Assignment
Take from the entries below the stretch from the line with "Levi’s Blue Cotton Men T-Shirt - S" through the line with "南寧秋潮會所現(xiàn)代中式裝修，注重中國風(fēng)", and return it exactly, leaving the pictures out.

*** Records provided ***

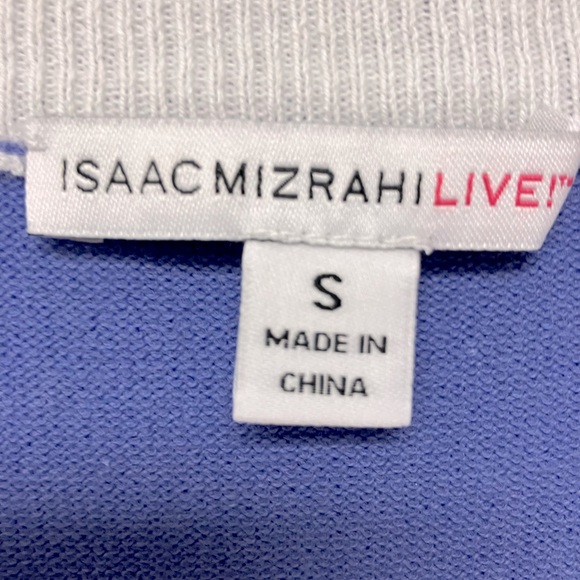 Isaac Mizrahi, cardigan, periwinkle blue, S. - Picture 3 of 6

*** End of Records provided ***
*** Records provided ***

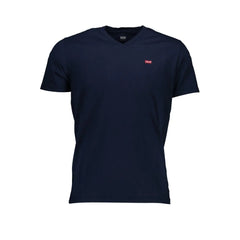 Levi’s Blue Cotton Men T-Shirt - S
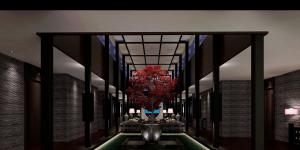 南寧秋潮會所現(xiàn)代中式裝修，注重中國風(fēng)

*** End of Records provided ***

Task result
 Levi’s Blue Cotton Men T-Shirt - S
 南寧秋潮會所現(xiàn)代中式裝修，注重中國風(fēng)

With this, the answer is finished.